Dataset excerpts:
↓

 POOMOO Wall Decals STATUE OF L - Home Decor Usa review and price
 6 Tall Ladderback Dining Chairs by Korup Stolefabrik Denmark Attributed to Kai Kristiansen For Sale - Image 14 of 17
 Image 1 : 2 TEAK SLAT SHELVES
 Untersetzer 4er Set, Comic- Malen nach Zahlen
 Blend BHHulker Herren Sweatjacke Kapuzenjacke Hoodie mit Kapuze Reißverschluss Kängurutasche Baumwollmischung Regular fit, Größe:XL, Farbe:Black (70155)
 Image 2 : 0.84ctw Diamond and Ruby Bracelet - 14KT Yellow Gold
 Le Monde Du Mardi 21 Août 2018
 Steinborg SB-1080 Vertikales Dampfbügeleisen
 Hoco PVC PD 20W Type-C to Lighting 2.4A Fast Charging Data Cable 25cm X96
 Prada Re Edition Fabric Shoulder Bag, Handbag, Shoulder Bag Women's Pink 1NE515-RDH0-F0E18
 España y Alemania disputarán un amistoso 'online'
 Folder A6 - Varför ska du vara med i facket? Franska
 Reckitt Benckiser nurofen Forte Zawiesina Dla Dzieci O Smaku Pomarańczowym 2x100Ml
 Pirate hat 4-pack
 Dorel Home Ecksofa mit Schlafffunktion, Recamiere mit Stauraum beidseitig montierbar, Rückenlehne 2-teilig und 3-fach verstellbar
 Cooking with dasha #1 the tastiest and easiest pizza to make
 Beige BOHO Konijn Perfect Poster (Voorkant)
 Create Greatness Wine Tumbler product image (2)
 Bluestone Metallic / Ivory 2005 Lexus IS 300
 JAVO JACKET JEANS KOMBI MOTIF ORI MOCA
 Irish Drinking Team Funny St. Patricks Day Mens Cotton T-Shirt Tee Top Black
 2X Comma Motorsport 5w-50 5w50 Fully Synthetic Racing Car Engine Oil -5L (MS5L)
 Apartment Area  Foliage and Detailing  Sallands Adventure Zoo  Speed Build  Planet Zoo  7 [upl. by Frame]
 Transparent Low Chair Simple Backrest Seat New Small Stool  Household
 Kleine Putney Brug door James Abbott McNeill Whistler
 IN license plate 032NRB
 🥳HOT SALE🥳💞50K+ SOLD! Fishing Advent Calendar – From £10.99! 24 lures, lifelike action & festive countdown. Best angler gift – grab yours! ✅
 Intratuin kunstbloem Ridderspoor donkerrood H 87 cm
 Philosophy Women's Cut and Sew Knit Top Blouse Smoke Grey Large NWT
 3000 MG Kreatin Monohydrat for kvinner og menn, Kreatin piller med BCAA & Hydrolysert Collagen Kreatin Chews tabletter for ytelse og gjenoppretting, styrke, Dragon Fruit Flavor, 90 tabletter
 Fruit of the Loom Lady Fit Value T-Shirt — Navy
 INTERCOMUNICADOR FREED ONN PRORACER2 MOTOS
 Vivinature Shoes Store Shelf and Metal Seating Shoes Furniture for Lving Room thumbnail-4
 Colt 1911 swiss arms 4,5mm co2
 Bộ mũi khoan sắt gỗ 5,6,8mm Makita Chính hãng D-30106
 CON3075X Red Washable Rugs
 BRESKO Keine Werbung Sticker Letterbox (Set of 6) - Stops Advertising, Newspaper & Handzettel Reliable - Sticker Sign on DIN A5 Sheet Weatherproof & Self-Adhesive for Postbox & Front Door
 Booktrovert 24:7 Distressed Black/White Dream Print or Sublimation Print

↑

ASSIGNED TASK: Of all the entries above, retype exactly the lines from the line with "Hoco PVC PD" to the line with "Philosophy Women's Cut", both included, and no others.

REPLY:
 Hoco PVC PD 20W Type-C to Lighting 2.4A Fast Charging Data Cable 25cm X96
 Prada Re Edition Fabric Shoulder Bag, Handbag, Shoulder Bag Women's Pink 1NE515-RDH0-F0E18
 España y Alemania disputarán un amistoso 'online'
 Folder A6 - Varför ska du vara med i facket? Franska
 Reckitt Benckiser nurofen Forte Zawiesina Dla Dzieci O Smaku Pomarańczowym 2x100Ml
 Pirate hat 4-pack
 Dorel Home Ecksofa mit Schlafffunktion, Recamiere mit Stauraum beidseitig montierbar, Rückenlehne 2-teilig und 3-fach verstellbar
 Cooking with dasha #1 the tastiest and easiest pizza to make
 Beige BOHO Konijn Perfect Poster (Voorkant)
 Create Greatness Wine Tumbler product image (2)
 Bluestone Metallic / Ivory 2005 Lexus IS 300
 JAVO JACKET JEANS KOMBI MOTIF ORI MOCA
 Irish Drinking Team Funny St. Patricks Day Mens Cotton T-Shirt Tee Top Black
 2X Comma Motorsport 5w-50 5w50 Fully Synthetic Racing Car Engine Oil -5L (MS5L)
 Apartment Area  Foliage and Detailing  Sallands Adventure Zoo  Speed Build  Planet Zoo  7 [upl. by Frame]
 Transparent Low Chair Simple Backrest Seat New Small Stool  Household
 Kleine Putney Brug door James Abbott McNeill Whistler
 IN license plate 032NRB
 🥳HOT SALE🥳💞50K+ SOLD! Fishing Advent Calendar – From £10.99! 24 lures, lifelike action & festive countdown. Best angler gift – grab yours! ✅
 Intratuin kunstbloem Ridderspoor donkerrood H 87 cm
 Philosophy Women's Cut and Sew Knit Top Blouse Smoke Grey Large NWT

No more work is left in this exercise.